Members of "Craig's gang" include:
- Craig Tucker
- Tolkien Black
- Clyde Donovan
- Jimmy Valmer
- Tweek Tweak (Craig's boyfriend)
- Jason White (former)
- Butters Stotch (former)

=== Homosexuality and relationship with Tweek Tweak ===

In the Season 19 episode "Tweek x Craig", female students of Asian backgrounds started drawing homoerotic "yaoi" images of Craig and his classmate Tweek Tweak, depicting them as lovers (an acknowledgement of a trend popular among real-life South Park fans of creating fanart depicting the pair as a couple, several examples of which are featured in the episode). Immediately, the two try to repudiate the rumors about them prompted by this. They eventually resolve to stage a public "break-up" to end the rumors. Though Tweek fears he cannot do this believably, Craig encourages him that he indeed can. However, Tweek goes too far by claiming that Craig is a manipulative cheater, which has the effect of ruining Craig's reputation with girls. Tweek later reveals that Craig's encouragement gave him the confidence to believe in himself. Following the father-to-son talk between him and his father about how "you can't fight being gay", the two boys have been in a relationship. In later episodes, such as the season 21 episode "Put It Down", season 21 episode "Splatty Tomato", and the video game The Fractured but Whole, they are shown to have become sincere romantic partners but their sexuality remains ambiguous, as they are still under the impression that Japanese yaoi fangirls choose who is gay. They are often seen in the background of many episodes holding hands or being next to each other. Craig calls Tweek "babe" and "honey" in the episode "Put It Down." Also in the Post Covid specials, they are shown to be married.

== Reception ==
On a 2022 top 25 list, Looper ranked Craig #13. CBR pointed out that "Craig has gradually become more of a supporting player to the boys" and ranked him on #5 of "10 Characters who Got Way More Popular Since the Beginning". Michael John-Day of WhatCulture ranked Craig as the 2nd most "underrated" South Park character in 2020.
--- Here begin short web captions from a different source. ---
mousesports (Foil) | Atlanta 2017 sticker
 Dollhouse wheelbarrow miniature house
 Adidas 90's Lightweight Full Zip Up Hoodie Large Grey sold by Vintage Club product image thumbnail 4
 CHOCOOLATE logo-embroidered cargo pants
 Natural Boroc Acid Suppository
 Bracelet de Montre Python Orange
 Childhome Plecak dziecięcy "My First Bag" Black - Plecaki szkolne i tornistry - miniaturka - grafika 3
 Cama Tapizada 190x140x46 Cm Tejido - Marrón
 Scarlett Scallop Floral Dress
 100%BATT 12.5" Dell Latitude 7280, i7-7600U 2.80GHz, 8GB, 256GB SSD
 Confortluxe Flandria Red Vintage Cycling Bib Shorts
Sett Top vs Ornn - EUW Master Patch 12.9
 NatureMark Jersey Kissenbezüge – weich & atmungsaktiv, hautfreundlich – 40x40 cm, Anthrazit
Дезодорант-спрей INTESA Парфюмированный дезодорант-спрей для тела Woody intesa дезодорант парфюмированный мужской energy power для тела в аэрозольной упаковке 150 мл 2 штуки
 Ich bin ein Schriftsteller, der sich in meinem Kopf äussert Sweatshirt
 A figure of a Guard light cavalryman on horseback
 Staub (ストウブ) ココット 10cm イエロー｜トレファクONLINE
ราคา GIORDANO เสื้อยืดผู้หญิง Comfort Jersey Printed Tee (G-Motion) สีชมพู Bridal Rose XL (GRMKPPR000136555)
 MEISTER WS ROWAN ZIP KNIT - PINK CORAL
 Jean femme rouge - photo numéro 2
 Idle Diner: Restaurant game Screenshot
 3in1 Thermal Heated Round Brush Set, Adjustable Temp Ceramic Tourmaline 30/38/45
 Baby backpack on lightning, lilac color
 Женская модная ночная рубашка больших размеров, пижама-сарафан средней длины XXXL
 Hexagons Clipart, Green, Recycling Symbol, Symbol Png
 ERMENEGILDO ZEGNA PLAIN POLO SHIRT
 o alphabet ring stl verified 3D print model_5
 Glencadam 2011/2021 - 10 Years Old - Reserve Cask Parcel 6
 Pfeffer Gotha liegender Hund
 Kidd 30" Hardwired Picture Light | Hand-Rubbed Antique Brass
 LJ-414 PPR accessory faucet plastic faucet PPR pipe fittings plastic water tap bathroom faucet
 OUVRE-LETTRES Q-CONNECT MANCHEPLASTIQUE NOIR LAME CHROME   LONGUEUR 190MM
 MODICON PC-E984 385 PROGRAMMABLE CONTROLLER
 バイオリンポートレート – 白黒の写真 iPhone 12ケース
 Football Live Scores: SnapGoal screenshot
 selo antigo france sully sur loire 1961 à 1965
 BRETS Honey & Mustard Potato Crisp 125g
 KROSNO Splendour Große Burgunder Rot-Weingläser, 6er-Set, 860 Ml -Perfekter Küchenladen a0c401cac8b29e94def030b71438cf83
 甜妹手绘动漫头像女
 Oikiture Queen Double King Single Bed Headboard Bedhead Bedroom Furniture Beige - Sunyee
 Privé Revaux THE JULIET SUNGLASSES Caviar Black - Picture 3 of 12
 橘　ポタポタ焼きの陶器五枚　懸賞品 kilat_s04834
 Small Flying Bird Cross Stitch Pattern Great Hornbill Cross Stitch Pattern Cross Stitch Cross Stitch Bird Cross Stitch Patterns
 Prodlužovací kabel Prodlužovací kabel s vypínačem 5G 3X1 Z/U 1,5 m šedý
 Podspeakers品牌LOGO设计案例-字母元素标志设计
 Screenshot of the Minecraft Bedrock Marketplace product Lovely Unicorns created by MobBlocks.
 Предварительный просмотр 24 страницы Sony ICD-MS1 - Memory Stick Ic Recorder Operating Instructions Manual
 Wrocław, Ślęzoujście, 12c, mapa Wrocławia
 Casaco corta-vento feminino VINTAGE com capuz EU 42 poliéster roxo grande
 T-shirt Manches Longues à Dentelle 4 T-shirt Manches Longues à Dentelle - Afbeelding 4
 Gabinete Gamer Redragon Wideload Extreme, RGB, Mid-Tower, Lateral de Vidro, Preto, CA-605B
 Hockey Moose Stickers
For his performance as both Craig and Tweek in the episode “Tweek x Craig,” Stone was nominated for the Primetime Emmy Award for Outstanding Character Voice-Over Performance at the 68th Primetime Creative Arts Emmy Awards in 2016.

== Appearances in other media ==
He plays the role of a Rogue in South Park: The Stick of Truth and plays the role of Super Craig in South Park: The Fractured but Whole (a parody of Superman from DC Comics).